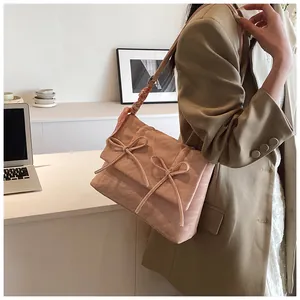 Sac bandoulière rose avec nœuds et détail de foulard porté sur l'épaule
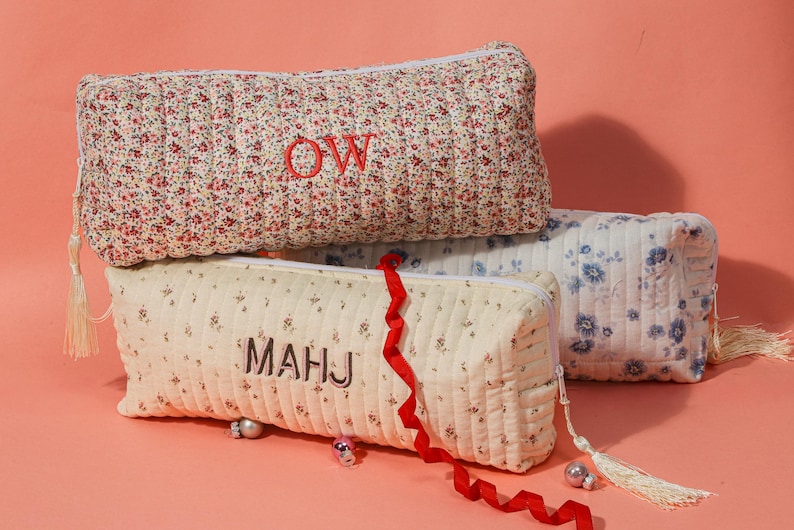 May include: Three quilted pencil cases with floral patterns. The top case is red and white, embroidered with "OW". The middle case is cream with "MAHJ". The bottom case is blue and white. Each has a tassel.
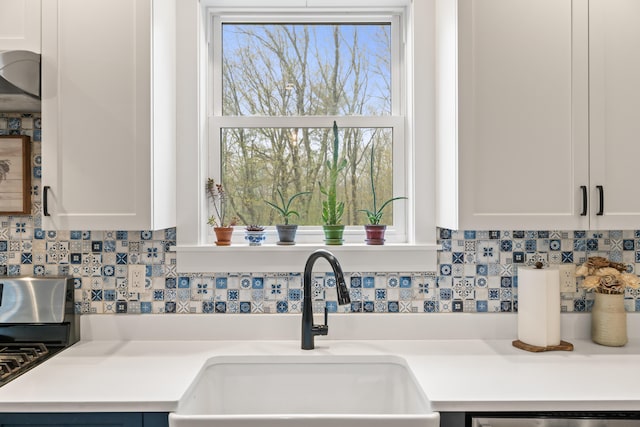 29 Hawks Nest Ln, Wells, ME 04090 - kitchen view of a sink, tasteful backsplash, stainless steel dishwasher, white cabinets, and light countertops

Task description
Your task is to retype the listing exactly, without its pictures.

Exercise answer
 Sac bandoulière rose avec nœuds et détail de foulard porté sur l'épaule
 May include: Three quilted pencil cases with floral patterns. The top case is red and white, embroidered with "OW". The middle case is cream with "MAHJ". The bottom case is blue and white. Each has a tassel.
 29 Hawks Nest Ln, Wells, ME 04090 - kitchen view of a sink, tasteful backsplash, stainless steel dishwasher, white cabinets, and light countertops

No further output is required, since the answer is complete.